Ravi Chandran and James Michael
(For Dalit Camera: Through Un-Touchable Eyes)
“Dont call me a victim, I am an immortal…if you have guts bury my body in the middle of the city” – Kalekuri Prasad.
The self-immolation of Arunthathiyar leader Neelaventhan and the brooding silence over it cannot be reduced to an issue of discrimination faced by ‘Dalits’ in Tamil Nadu and have to be seen within a larger perspective. Neelaventhan was a trained lawyer and dedicated his life to running ‘Adhi Thamizhar Peravai‘, an organisation that spearheads the cause of castes traditionally sidelined by mainstream discourses. Although he was born as an Arunthathiyar, a caste which languishes at the ‘bottommost’ rung of the caste system that flourishes on graded inequality, he strove to keep his Arunthathiyar identity at a distance throughout his life and dedicated his life and work to the study of Ambedkar and Periyar.
Although Neelaventhan spoke about the deprivation faced by Arunthathiyars, he never spoke openly against a section of relatively empowered members of other Dalit castes, like Pallars and Paraiyars, who are often accused of exhausting the liberatory potential of their Dalit identity and usurping the reservation benefits belonging to the scheduled castes. However, when he spoke of Arunthathiyars he was acutely aware of the social backwardness faced by his community members, including issues related to scavenging and ‘sub’-classification of SC reservation. Even on his deathbed, he only spoke of the backwardness faced by Arunthathiyars. “Arunthathiyars are educationally backward and very few enjoy stable employment.

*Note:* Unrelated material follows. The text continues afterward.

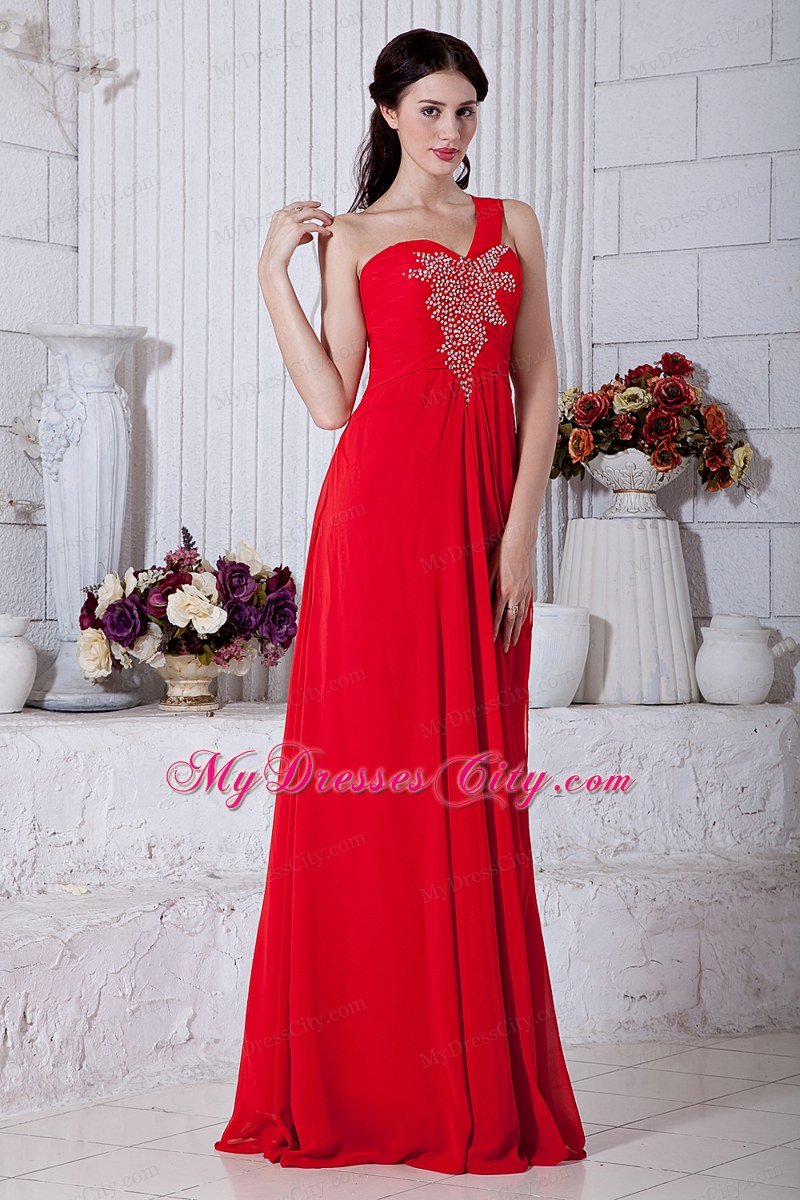 Red Empire One Shoulder Chiffon Prom Dress with Appliques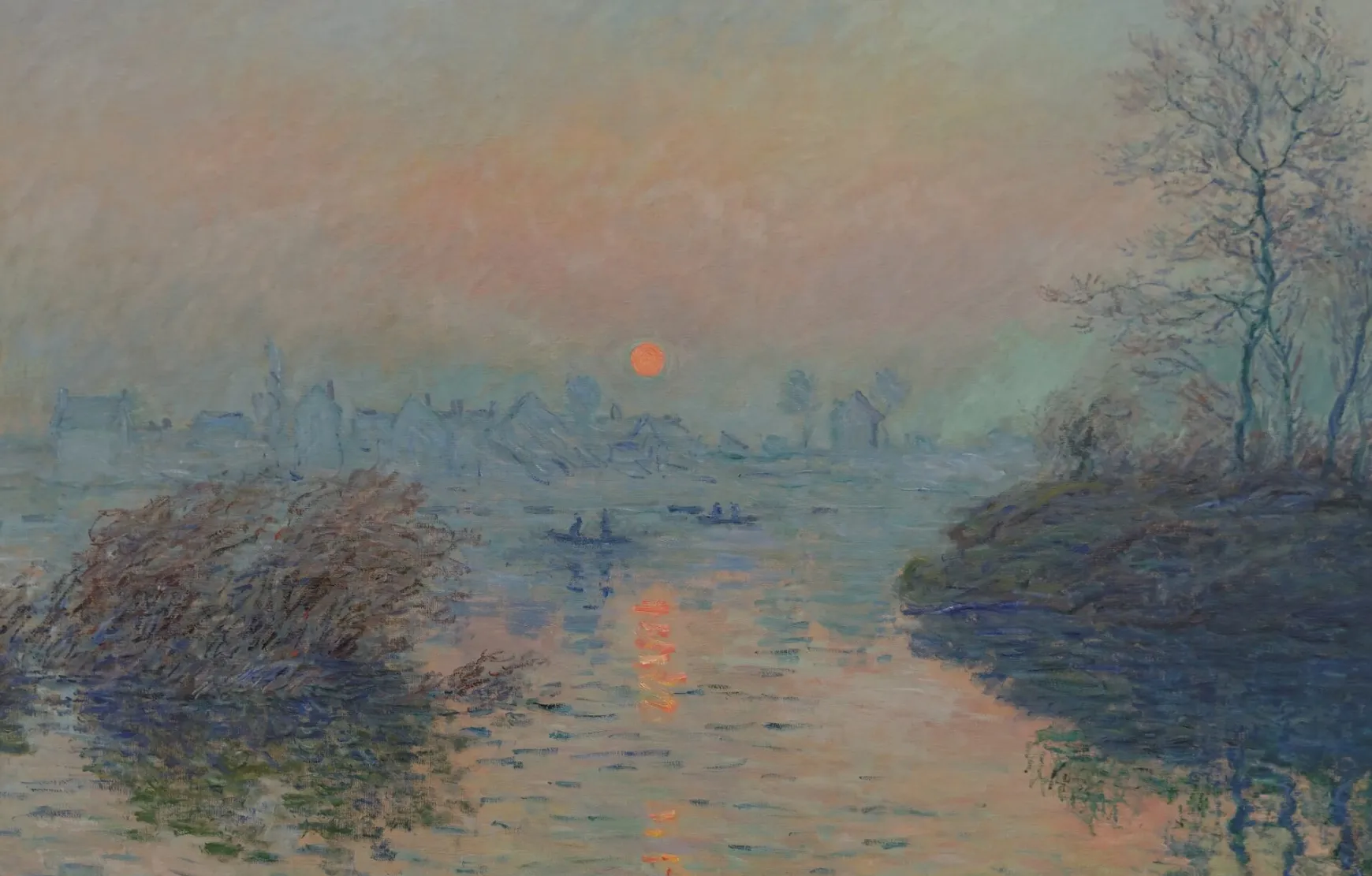 Galerie Mont Monet<Soleil couchant sur la seine à Lavacourt, effet d'hiver - Claude Monet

The few among the Arunthathiyars who are educated remain jobless. I have been repeatedly speaking on these issues and have put forth various demands before the government to no avail. To create awareness among my community about our pathetic condition, I immolated myself,” he said on his deathbed.
This could be the first time in the history of various caste movements that a state-level leader of a community has sacrificed his life for the cause of inner-reservation among Dalits. However, it remains to be seen whether his death would bring the much-needed attention to a problem that has been persisting among Dalits in our country for a while. Although several hundred studies have been completed on how Dalits are being routinely discriminated, very few among these studies have tried to understand caste discrimination within Dalits themselves. Discriminations meted out to castes like Arunthathiyars, according to activists, by other Dalit castes include untouchability, a ban on inter-caste marriages within Dalits and usurping of reservation benefits equally available to all untouchable castes. Adhiyaman, founder president, Adhi Thamizhar Peravai, has spoken about how the three-tumbler system is practiced at teashops in certain villages in Tamil Nadu, “one for the caste Hindu, one for the Arunthathiyar, and one for the non-Arunthathiyar Dalit”.
A survey conducted by the Navsarjan Trust and the Robert F. Kennedy Centre for Justice and Human Rights in Gujarat has found that in rural Gujarat, while 98 forms of untouchability is practiced by caste Hindus against Dalits, 99 forms of caste discrimination is found within ‘Dalit ‘sub’-castes’. Although we agree with the findings of the study, we reject the term ‘sub-caste’ to denote castes traditionally grouped under the category of ‘Dalits’. One of the reasons for this rejection, apart from the categorical error that this usage signifies, is that when relatively empowered castes among the untouchables raise political issues, they are easily categorised as issues that universally affect members of the Dalit community, and when scavengers raise issues pertinent to them, it gets signified as a ‘sub-caste issue’. In fact, ‘Arunthathiyars’ are a caste in itself, and most often than not, the category of Dalit and SCs are floated to provincialise this identity.
The rights of many of the lowest-of-the-low castes in India are brutally suppressed and the members of these castes are denied their rightful opportunity in government services and other employment avenues. The battles waged by these castes never become part of the dominant Dalit discourse. For example, the issue of scavenging is reduced to a problem solely to be dealt by the respective scavenging caste, be it the Mehtars, Bhangis, Rellis or Valmikis. The issue is compounded by the fact that there are hardly any educated members from these communities who are articulate enough to understand these problems and formulate adequate solutions. In this context, in memory of the services rendered by Neelaventhan for the scavenging castes, ‘Dalit Camera‘ pledges to take up problems faced by the scavengers, along with the political issue of inner-reservation and sub-classification, strongly. We feel that discriminations faced by communities within the Dalit fold have to be brought out, if only to bring out in full force the liberatory potential offered by the identity of ‘Dalithood’ to millions of untouchables in India.